=== TASK PROMPT ===
Your answer must be the records, copied with no change.

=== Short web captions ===

________________________________________

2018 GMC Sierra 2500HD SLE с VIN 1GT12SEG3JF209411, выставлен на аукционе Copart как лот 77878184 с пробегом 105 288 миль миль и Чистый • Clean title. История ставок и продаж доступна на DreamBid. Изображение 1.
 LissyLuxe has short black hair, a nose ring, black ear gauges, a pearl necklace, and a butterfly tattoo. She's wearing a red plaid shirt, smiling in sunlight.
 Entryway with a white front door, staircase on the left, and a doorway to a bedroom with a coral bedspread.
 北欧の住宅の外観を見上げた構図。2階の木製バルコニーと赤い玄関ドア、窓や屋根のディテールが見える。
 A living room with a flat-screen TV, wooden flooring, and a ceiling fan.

________________________________________

=== ANSWER FOR THE TASK ===
2018 GMC Sierra 2500HD SLE с VIN 1GT12SEG3JF209411, выставлен на аукционе Copart как лот 77878184 с пробегом 105 288 миль миль и Чистый • Clean title. История ставок и продаж доступна на DreamBid. Изображение 1.
 LissyLuxe has short black hair, a nose ring, black ear gauges, a pearl necklace, and a butterfly tattoo. She's wearing a red plaid shirt, smiling in sunlight.
 Entryway with a white front door, staircase on the left, and a doorway to a bedroom with a coral bedspread.
 北欧の住宅の外観を見上げた構図。2階の木製バルコニーと赤い玄関ドア、窓や屋根のディテールが見える。
 A living room with a flat-screen TV, wooden flooring, and a ceiling fan.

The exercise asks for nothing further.